_Given data_.
■ ■ ■ ■

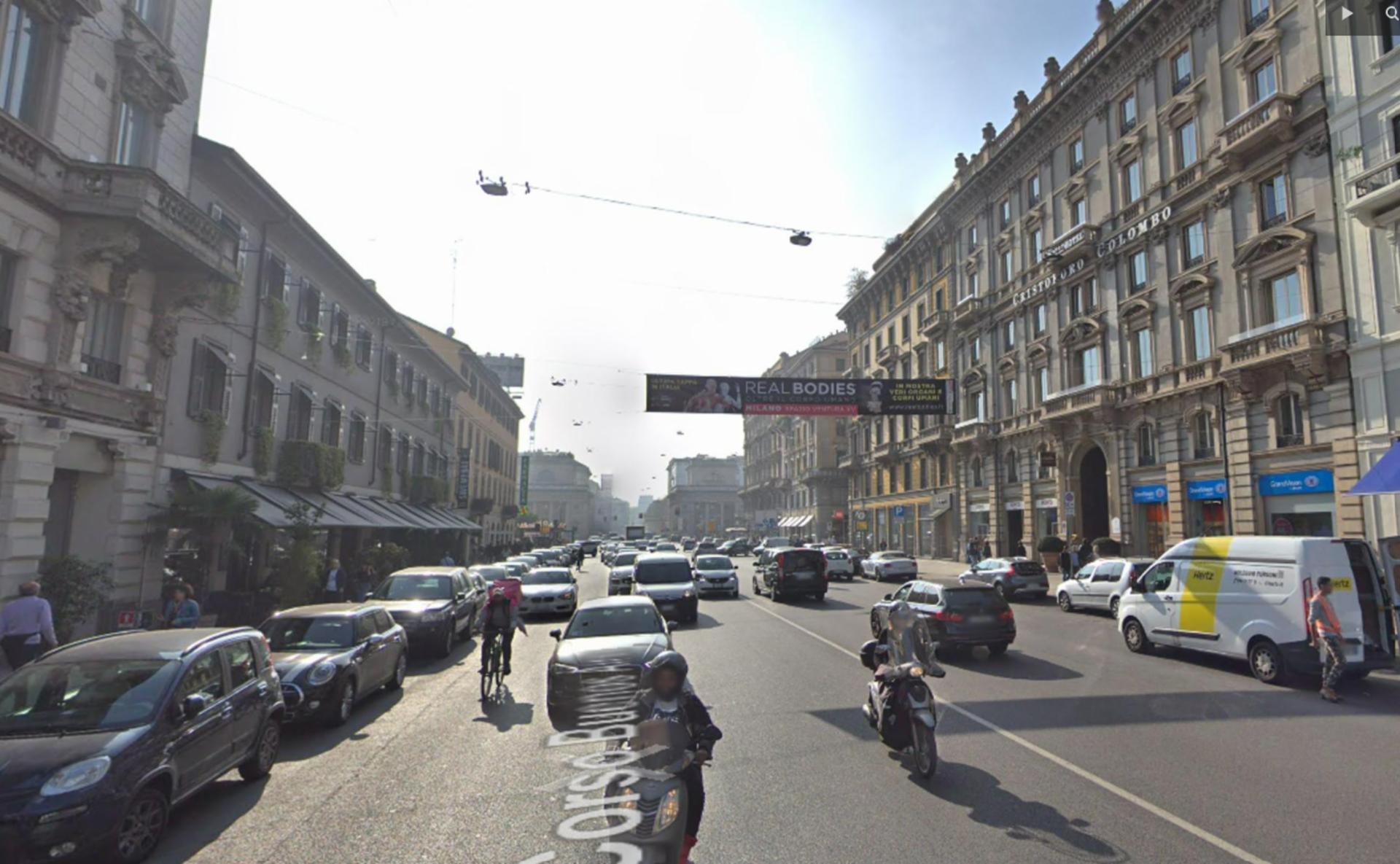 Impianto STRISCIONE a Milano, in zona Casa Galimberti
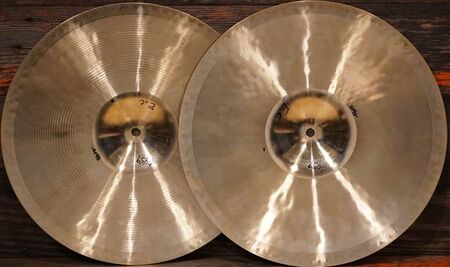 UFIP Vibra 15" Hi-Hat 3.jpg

■ ■ ■ ■

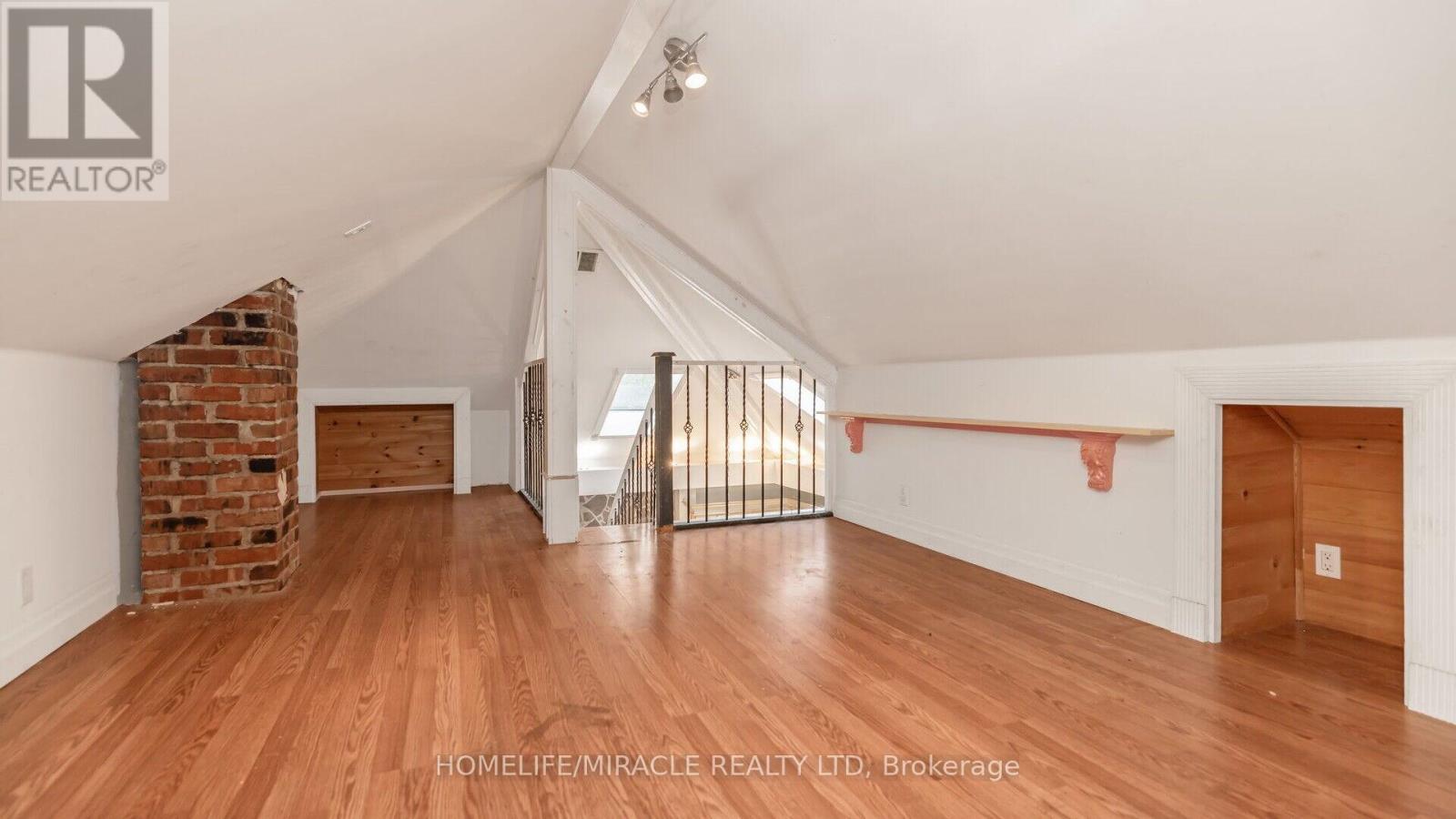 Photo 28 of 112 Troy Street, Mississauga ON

■ ■ ■ ■

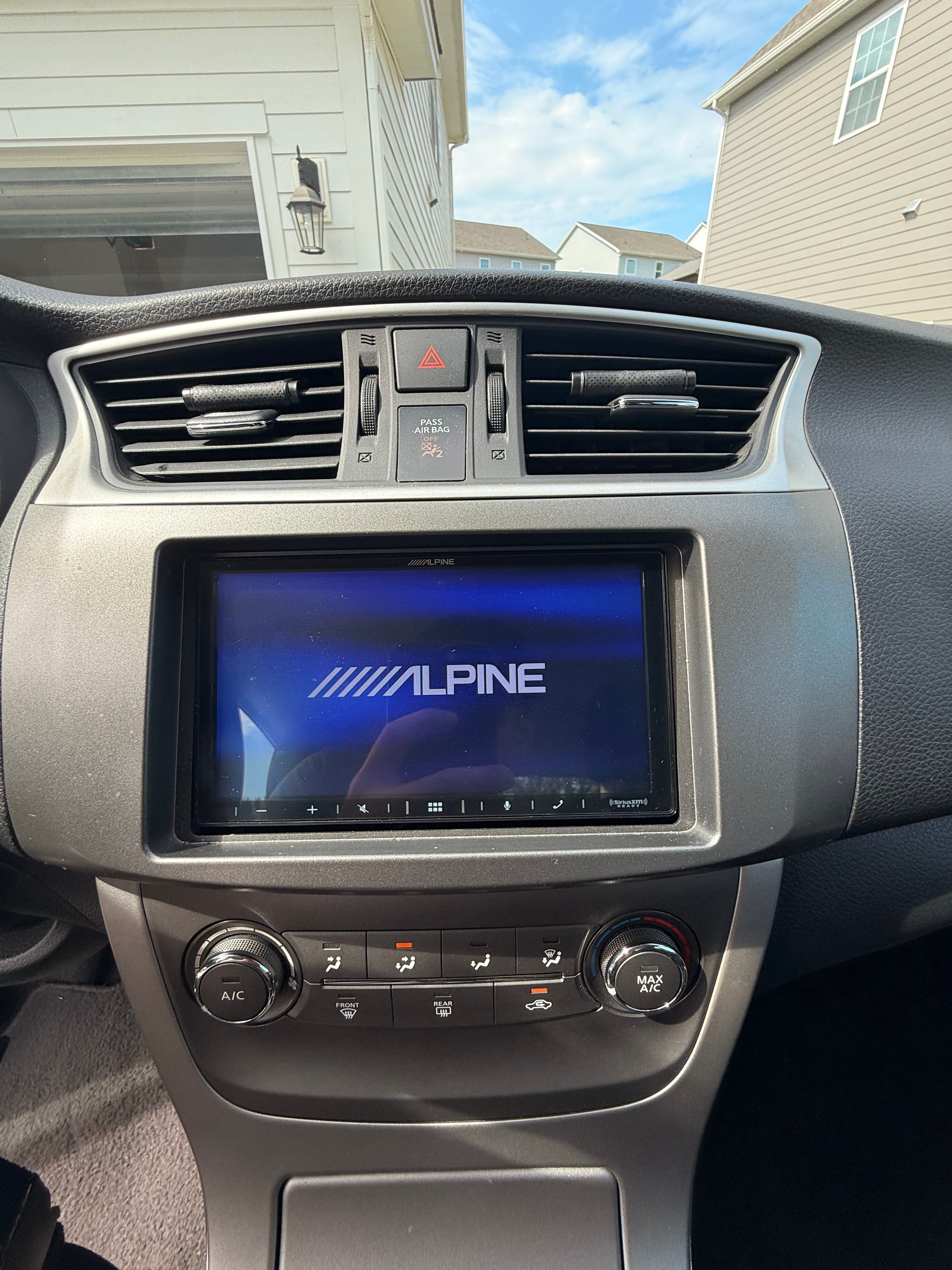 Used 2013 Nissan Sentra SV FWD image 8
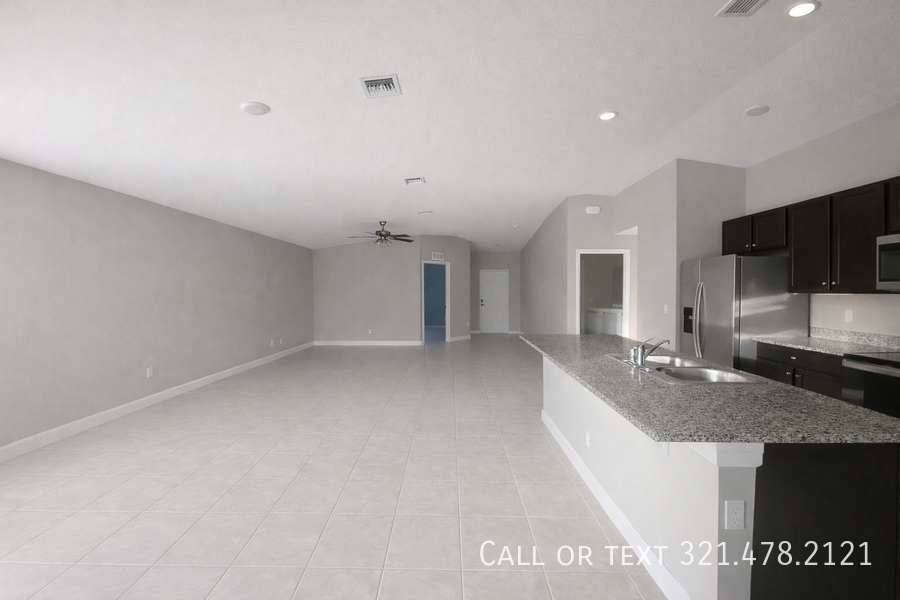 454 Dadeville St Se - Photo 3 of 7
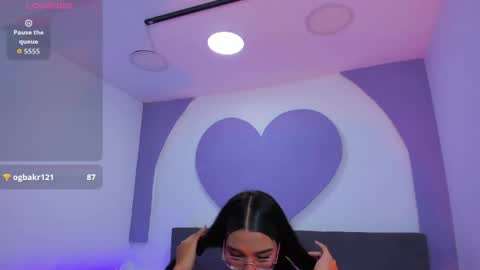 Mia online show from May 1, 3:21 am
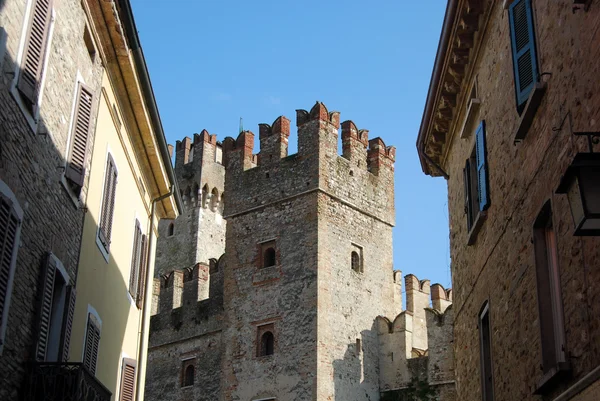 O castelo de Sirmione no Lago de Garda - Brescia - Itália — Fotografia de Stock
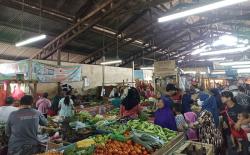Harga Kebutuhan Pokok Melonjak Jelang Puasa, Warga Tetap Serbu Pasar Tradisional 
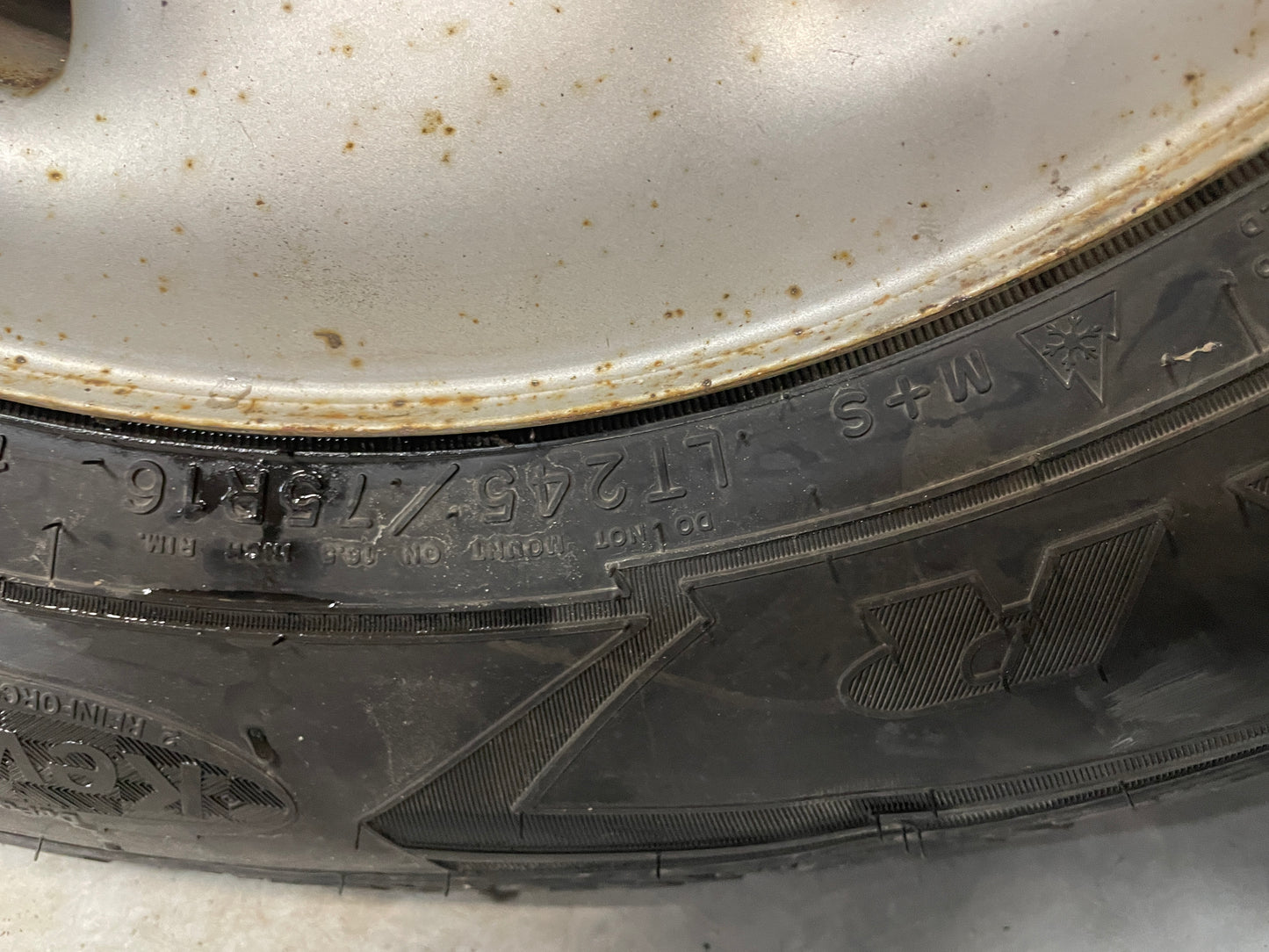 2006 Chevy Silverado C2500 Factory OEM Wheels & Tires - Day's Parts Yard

■ ■ ■ ■

Leaving each picture behind, please give again exactly the lines above from the one with "Used 2013 Nissan Sentra SV FWD image 8" through the one with "2006 Chevy Silverado", both included, and no others.

_Your response_.
 Used 2013 Nissan Sentra SV FWD image 8
 454 Dadeville St Se - Photo 3 of 7
 Mia online show from May 1, 3:21 am
 O castelo de Sirmione no Lago de Garda - Brescia - Itália — Fotografia de Stock
Harga Kebutuhan Pokok Melonjak Jelang Puasa, Warga Tetap Serbu Pasar Tradisional 
 2006 Chevy Silverado C2500 Factory OEM Wheels & Tires - Day's Parts Yard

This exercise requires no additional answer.